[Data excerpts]
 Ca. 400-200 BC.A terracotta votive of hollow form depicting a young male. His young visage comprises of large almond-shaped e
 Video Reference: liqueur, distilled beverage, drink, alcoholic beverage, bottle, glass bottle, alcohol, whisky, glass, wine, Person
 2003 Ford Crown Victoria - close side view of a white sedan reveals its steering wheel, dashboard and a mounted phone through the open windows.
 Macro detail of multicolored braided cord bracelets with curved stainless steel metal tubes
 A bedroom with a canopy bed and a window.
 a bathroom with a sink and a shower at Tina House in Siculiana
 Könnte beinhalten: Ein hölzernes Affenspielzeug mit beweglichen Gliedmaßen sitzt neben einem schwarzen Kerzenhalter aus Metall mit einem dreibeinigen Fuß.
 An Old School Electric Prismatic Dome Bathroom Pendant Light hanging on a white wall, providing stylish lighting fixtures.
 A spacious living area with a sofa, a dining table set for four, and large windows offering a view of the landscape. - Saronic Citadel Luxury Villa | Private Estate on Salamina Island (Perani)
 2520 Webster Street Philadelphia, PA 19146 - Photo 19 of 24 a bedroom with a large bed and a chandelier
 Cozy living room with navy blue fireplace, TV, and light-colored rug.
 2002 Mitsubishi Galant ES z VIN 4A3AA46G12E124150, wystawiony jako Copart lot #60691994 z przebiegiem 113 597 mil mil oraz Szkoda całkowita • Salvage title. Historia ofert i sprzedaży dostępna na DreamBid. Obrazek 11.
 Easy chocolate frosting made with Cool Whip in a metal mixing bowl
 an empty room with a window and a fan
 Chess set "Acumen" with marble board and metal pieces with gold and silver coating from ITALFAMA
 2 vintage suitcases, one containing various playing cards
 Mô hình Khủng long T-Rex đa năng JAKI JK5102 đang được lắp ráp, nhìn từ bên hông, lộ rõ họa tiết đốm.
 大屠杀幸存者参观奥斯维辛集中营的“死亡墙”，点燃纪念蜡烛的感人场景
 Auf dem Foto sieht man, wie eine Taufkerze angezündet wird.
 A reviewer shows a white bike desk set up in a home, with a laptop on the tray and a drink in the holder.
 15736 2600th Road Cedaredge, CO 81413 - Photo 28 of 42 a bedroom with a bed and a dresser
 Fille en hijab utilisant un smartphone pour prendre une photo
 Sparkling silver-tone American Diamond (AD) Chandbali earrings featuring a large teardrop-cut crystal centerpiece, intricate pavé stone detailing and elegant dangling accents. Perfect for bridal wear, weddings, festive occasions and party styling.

**WHAT TO PRODUCE:**
Nothing above should be left out; write out every record exactly.

**RESULT FOR THIS EXERCISE:**
 Ca. 400-200 BC.A terracotta votive of hollow form depicting a young male. His young visage comprises of large almond-shaped e
 Video Reference: liqueur, distilled beverage, drink, alcoholic beverage, bottle, glass bottle, alcohol, whisky, glass, wine, Person
 2003 Ford Crown Victoria - close side view of a white sedan reveals its steering wheel, dashboard and a mounted phone through the open windows.
 Macro detail of multicolored braided cord bracelets with curved stainless steel metal tubes
 A bedroom with a canopy bed and a window.
 a bathroom with a sink and a shower at Tina House in Siculiana
 Könnte beinhalten: Ein hölzernes Affenspielzeug mit beweglichen Gliedmaßen sitzt neben einem schwarzen Kerzenhalter aus Metall mit einem dreibeinigen Fuß.
 An Old School Electric Prismatic Dome Bathroom Pendant Light hanging on a white wall, providing stylish lighting fixtures.
 A spacious living area with a sofa, a dining table set for four, and large windows offering a view of the landscape. - Saronic Citadel Luxury Villa | Private Estate on Salamina Island (Perani)
 2520 Webster Street Philadelphia, PA 19146 - Photo 19 of 24 a bedroom with a large bed and a chandelier
 Cozy living room with navy blue fireplace, TV, and light-colored rug.
 2002 Mitsubishi Galant ES z VIN 4A3AA46G12E124150, wystawiony jako Copart lot #60691994 z przebiegiem 113 597 mil mil oraz Szkoda całkowita • Salvage title. Historia ofert i sprzedaży dostępna na DreamBid. Obrazek 11.
 Easy chocolate frosting made with Cool Whip in a metal mixing bowl
 an empty room with a window and a fan
 Chess set "Acumen" with marble board and metal pieces with gold and silver coating from ITALFAMA
 2 vintage suitcases, one containing various playing cards
 Mô hình Khủng long T-Rex đa năng JAKI JK5102 đang được lắp ráp, nhìn từ bên hông, lộ rõ họa tiết đốm.
 大屠杀幸存者参观奥斯维辛集中营的“死亡墙”，点燃纪念蜡烛的感人场景
 Auf dem Foto sieht man, wie eine Taufkerze angezündet wird.
 A reviewer shows a white bike desk set up in a home, with a laptop on the tray and a drink in the holder.
 15736 2600th Road Cedaredge, CO 81413 - Photo 28 of 42 a bedroom with a bed and a dresser
 Fille en hijab utilisant un smartphone pour prendre une photo
 Sparkling silver-tone American Diamond (AD) Chandbali earrings featuring a large teardrop-cut crystal centerpiece, intricate pavé stone detailing and elegant dangling accents. Perfect for bridal wear, weddings, festive occasions and party styling.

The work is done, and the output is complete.